Ca reste une bonne expérience. Ca m’a fait plaisir d’écrire un projet avec d’autres personnes. Un projet qu’on a essayé de mener à bout, c’est très valorisant. On a obtenu 32,19 % des suffrages, c’était une déception on aurait aimé plus… Mais on sait que certains ont voté pour des raisons extra-athlétiques… Le jeu des réseaux et des influences a marché à plein régime.

>> Et humainement, comment digère-t-on les coups bas, les attaques personnelles ?

Ca a été difficile. Il y a des choses pas faciles à encaisser, surtout quand ça vient de personnes que l’on considérait comme des amis. Mais ça remet dans la réalité de la vie… Je suis sans doute trop naïf. Moi je n’ai pas d’ambition personnelle, je défends les intérêts de l’athlé.

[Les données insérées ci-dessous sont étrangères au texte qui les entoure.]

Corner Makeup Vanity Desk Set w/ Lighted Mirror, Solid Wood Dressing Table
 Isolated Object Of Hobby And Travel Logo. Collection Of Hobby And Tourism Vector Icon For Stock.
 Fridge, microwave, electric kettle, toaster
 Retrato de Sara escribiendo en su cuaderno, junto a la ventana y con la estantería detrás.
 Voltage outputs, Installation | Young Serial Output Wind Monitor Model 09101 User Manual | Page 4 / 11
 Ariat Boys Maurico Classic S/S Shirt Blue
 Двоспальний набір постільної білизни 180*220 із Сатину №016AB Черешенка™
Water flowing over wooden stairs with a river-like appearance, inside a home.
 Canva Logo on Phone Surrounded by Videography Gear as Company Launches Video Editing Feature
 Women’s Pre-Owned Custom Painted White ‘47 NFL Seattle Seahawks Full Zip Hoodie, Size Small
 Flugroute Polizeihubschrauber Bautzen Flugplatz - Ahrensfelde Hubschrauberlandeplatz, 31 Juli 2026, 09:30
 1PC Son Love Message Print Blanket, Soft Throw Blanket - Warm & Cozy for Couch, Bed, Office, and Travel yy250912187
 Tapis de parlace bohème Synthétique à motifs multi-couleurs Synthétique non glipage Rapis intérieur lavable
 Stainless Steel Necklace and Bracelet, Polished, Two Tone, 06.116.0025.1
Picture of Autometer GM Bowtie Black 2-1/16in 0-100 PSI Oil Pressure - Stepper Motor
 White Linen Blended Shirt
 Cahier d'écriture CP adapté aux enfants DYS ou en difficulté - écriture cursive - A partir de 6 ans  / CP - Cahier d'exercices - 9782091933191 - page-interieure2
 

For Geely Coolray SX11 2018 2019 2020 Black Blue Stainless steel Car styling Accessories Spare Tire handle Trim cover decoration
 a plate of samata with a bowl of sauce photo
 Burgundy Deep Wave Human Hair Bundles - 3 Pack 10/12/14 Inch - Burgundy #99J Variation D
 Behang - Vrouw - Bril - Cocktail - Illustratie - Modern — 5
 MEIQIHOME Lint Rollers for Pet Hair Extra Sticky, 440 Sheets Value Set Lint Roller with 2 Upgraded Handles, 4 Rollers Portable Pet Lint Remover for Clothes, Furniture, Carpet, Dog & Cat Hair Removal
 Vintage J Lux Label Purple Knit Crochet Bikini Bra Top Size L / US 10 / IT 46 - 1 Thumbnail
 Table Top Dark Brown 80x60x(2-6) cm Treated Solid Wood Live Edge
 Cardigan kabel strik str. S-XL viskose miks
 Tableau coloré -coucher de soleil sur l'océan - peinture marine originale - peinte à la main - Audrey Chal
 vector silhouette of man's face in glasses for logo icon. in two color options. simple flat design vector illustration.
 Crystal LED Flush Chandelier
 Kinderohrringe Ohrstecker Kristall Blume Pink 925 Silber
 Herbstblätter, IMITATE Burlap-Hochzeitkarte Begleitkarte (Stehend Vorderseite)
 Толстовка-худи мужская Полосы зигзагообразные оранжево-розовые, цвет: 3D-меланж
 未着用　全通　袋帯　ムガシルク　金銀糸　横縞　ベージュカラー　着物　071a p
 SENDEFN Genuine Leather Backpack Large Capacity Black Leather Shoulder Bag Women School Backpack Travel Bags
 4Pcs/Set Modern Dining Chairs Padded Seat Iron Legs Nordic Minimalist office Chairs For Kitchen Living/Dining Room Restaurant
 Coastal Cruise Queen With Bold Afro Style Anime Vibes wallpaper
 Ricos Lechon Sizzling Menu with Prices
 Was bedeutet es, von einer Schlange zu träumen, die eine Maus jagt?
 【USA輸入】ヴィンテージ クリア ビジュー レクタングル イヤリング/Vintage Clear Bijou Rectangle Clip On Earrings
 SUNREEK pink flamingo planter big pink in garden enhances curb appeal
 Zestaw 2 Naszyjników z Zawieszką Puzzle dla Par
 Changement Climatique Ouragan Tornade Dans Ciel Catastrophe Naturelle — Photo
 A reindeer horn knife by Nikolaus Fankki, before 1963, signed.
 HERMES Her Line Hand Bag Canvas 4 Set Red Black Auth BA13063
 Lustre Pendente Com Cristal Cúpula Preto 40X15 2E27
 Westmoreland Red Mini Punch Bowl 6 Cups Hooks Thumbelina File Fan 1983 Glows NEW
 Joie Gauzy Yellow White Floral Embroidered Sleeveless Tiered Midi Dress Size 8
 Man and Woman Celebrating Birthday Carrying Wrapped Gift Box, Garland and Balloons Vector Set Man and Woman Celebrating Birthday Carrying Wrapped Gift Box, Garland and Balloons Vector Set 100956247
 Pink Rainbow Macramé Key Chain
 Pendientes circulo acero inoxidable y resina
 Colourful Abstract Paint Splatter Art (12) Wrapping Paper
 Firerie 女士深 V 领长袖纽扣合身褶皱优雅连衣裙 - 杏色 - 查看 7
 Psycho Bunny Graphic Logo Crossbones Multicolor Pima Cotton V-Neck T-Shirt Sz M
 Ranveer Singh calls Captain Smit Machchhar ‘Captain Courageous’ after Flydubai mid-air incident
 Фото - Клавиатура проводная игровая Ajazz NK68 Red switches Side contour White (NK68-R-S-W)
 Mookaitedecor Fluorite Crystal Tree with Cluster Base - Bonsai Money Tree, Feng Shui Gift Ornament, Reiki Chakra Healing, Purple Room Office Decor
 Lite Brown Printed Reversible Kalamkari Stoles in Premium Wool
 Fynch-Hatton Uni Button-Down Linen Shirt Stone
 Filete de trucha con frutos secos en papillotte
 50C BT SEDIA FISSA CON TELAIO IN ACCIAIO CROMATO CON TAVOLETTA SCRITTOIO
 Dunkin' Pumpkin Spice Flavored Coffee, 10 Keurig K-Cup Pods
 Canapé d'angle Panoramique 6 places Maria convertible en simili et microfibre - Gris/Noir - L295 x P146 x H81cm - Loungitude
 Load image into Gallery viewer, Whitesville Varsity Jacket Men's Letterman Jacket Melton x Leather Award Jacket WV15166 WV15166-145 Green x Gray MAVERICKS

>> Aujourd’hui, quelle est l’ambiance au comité directeur de la fédération ?
Il faut faire en sorte que ce ne soit pas la guerre, même si on n’aura jamais la même approche de l’athlétisme. Je regrette que aucun des onze membres élus de ma liste n’ait eu de place au bureau, ou à la présidence de commissions. Seuls les incontournables ont été nommés. Ce n’est pas la vraie ouverture annoncée. Je constate aussi que certaines de nos idées ont été reprises…  Bref, c’est le départ, on verra comment cela évolue… Aujourd’hui, je passe outre et je me concentre sur la ligue.

 

SA FONCTION

« Je suis beaucoup sur le terrain, je ne crois qu’à ça »

 

>> A quoi ressemble le quotidien d’un président de ligue ?

C’est beaucoup d’investissement, beaucoup de responsabilités, beaucoup de présences sur le terrain, beaucoup de déplacements… L’an dernier j’ai fait environ 35 000 kms. Avec la fusion ça va encore augmenter puisqu’il faut créer des liens avec l’Auvergne, apprendre à connaître les territoires, se présenter… Je suis beaucoup sur le terrain, je ne crois qu’à ça. Aller vers les gens, être ouvert, c’est indispensable. C’est une mission plaisante et motivante. Il y a quelques années, je m’étais amusé à compter mon nombre d’heures de travail pour l‘Athlétisme par semaine : ça tournait autour de 70 heures en moyenne !

 

>> Vous travaillez avec une équipe relativement stable depuis toutes ces années. C’est important de pouvoir compter sur ce noyau dur ?

C’est même un noyau très dur. Des personnes avec qui je travaille depuis une quinzaine d’années. Des gens qui ont su évoluer, se remettre en question. Ils m’ont toujours fait confiance, même si je leur faisais parfois peur avec mes idées bizarres.